= 1912 Ilkeston by-election =

United Kingdom Parliamentary Election

The 1912 Ilkeston by-election was a Parliamentary by-election held on 1 July 1912. The constituency returned one Member of Parliament (MP) to the House of Commons of the United Kingdom, elected by the first past the post voting system.

==Vacancy==

Jack Seely had been Liberal MP for the seat of Ilkeston since the 1910 Ilkeston by-election. In 1912, he was promoted to the Cabinet and appointed Secretary of State for War and required to seek re-election.

==Electoral history==

General election December 1910: Ilkeston Electorate 19,467
| Party |  | Candidate | Votes | % | ±% |
|---|---|---|---|---|---|
|  | Liberal | J. E. B. Seely | 9,990 | 62.7 | +2.9 |
|  | Conservative | William Marshall Freeman | 5,946 | 37.3 | −2.9 |
| Majority |  |  | 4,044 | 25.4 | +5.8 |
| Turnout |  |  | 15,936 | 81.9 | −5.8 |
|  | Liberal hold |  | Swing | +2.9 |  |

==Candidates==
- Seely was elected Member of Parliament for the Isle of Wight in 1900, as a Unionist. He crossed the floor to join the Liberal Party in 1904. He was returned as a Liberal for Liverpool Abercromby in 1906 but was defeated in January 1910. He was quickly found a new seat at Ilkeston shortly after. He served as Under-Secretary of State for the Colonies under H. H. Asquith between 1908 and 1911, as Under-Secretary of State for War from 1911 to 1912, and became a member of the Privy Council in 1909.
- William Marshall Freeman, who had contested the election here as Conservative candidate in December 1910 was re-adopted as Conservative candidate.
- The Independent Labour Party considered running John Thomas White as candidate but the national Labour Party leadership did not wish to see Seely opposed.

==Campaign==
Polling Day was set for 1 July 1912.

==Result==
Despite the mid-term unpopularity of the Liberal Government, Seely was re-elected, albeit with a much reduced majority.

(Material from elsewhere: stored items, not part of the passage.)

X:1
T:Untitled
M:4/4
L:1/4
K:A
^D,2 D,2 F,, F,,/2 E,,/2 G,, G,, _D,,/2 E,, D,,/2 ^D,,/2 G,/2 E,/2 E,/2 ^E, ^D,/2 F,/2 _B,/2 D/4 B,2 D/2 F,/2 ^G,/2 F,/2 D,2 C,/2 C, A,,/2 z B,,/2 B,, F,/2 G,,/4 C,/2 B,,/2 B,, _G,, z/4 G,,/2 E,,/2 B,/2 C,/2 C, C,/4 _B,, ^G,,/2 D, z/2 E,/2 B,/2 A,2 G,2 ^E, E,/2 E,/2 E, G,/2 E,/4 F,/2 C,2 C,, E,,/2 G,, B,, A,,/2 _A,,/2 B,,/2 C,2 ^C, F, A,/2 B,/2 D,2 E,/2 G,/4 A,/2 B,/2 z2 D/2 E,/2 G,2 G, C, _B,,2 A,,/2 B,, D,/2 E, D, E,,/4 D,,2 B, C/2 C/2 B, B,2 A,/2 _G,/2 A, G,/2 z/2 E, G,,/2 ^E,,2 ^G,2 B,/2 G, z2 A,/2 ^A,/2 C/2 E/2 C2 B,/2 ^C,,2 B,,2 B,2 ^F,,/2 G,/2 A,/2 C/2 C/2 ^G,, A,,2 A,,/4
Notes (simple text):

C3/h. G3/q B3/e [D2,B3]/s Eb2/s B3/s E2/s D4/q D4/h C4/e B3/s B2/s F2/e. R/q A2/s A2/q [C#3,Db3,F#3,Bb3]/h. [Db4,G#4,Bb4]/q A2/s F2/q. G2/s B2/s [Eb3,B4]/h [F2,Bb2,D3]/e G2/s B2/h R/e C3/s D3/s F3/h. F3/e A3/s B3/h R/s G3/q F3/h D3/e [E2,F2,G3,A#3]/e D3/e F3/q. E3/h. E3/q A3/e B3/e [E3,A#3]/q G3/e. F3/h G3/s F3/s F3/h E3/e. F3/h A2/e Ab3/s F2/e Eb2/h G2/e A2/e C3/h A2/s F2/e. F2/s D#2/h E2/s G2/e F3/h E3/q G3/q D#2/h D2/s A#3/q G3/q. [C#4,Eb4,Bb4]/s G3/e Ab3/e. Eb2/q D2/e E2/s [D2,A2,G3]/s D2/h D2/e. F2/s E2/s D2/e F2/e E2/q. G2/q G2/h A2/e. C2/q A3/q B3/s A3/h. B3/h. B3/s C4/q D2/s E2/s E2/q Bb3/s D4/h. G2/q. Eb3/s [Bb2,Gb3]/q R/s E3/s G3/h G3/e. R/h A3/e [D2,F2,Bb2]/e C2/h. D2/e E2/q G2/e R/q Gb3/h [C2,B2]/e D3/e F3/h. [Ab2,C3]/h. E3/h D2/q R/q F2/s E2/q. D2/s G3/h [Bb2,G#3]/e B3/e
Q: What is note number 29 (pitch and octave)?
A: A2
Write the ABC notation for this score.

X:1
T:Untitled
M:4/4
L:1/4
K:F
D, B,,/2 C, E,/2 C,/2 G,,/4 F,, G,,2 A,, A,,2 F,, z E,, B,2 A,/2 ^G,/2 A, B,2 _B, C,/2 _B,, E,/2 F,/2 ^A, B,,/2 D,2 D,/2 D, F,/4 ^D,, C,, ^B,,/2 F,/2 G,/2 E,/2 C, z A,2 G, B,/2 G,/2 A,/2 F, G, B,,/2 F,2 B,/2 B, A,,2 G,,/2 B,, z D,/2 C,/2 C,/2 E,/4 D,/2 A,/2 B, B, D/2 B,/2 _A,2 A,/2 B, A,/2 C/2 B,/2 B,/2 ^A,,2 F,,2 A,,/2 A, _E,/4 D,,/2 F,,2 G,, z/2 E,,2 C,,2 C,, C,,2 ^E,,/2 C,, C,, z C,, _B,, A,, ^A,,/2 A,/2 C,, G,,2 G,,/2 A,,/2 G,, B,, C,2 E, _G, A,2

1912 Ilkeston by-election Electorate 20,670
| Party |  | Candidate | Votes | % | ±% |
|---|---|---|---|---|---|
|  | Liberal | J. E. B. Seely | 9,049 | 53.6 | −9.1 |
|  | Unionist | William Marshall Freeman | 7,838 | 46.4 | +9.1 |
| Majority |  |  | 1,211 | 7.2 | −18.2 |
| Turnout |  |  | 16,887 | 81.7 | −0.2 |
|  | Liberal hold |  | Swing | -9.1 |  |

==Aftermath==
A General Election was due to take place by the end of 1915. By the autumn of 1914, the following candidates had been adopted to contest that election.
- Liberal: Jack Seely
- Unionist: William Marshall Freeman
- The Labour Party chose not to run a candidate when the National Union of Railwaymen chose to endorse Seely.
Due to the outbreak of war, the election never took place. When an election did finally take place after the war, Seely was again re-elected.

General election 1918: Ilkeston Electorate 28,896
| Party |  | Candidate | Votes | % | ±% |
|---|---|---|---|---|---|
|  | Liberal | J. E. B. Seely | 9,660 | 54.8 | +1.2 |
|  | Labour | George Oliver | 7,962 | 45.2 | New |
| Majority |  |  | 1,698 | 9.6 | +2.4 |
| Turnout |  |  | 17,622 | 61.0 | −19.3 |
|  | Liberal hold |  | Swing |  |  |

Seely was endorsed by the Coalition Government. The local Unionists felt obliged to support Seely, however at the following general election in 1922 Freeman was once more their candidate but he finished third.